▶ [Entries provided]
▽

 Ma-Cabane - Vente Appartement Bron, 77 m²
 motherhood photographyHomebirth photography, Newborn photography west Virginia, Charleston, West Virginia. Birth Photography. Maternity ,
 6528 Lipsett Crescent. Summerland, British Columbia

△
▽

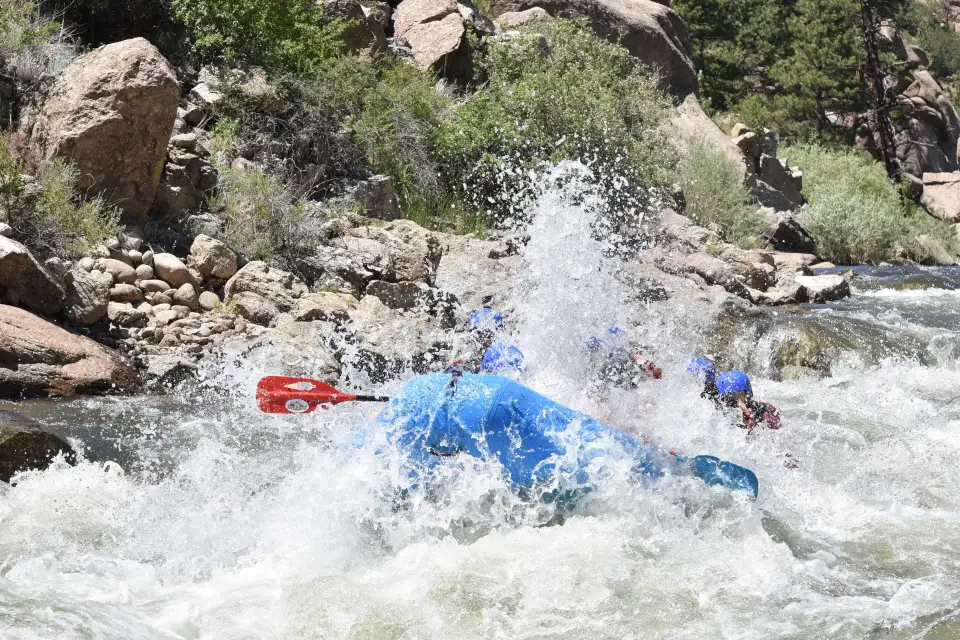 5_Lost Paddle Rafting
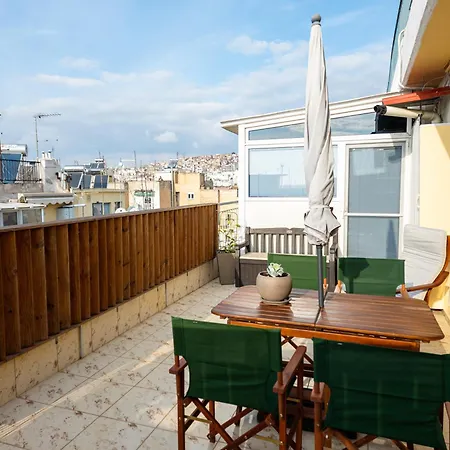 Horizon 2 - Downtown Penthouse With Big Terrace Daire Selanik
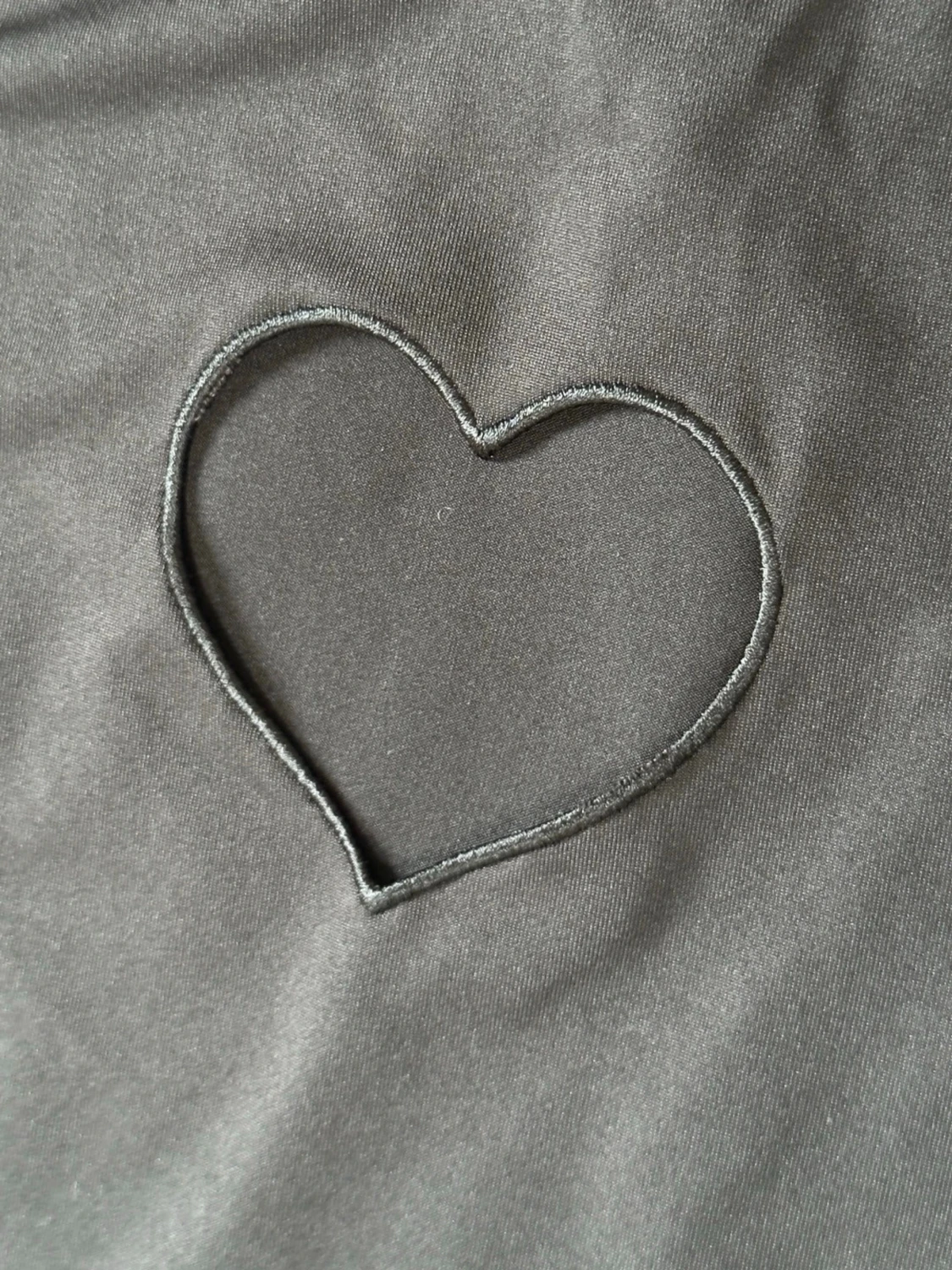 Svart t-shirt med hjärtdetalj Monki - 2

△

▶ [What you are asked to do] Leaving every picture aside, reproduce exactly the lines above from the one with "5_Lost Paddle Rafting" up to and including the one with "Svart t-shirt med hjärtdetalj Monki - 2", and no others.

▶ [Task solution]
 5_Lost Paddle Rafting
 Horizon 2 - Downtown Penthouse With Big Terrace Daire Selanik
 Svart t-shirt med hjärtdetalj Monki - 2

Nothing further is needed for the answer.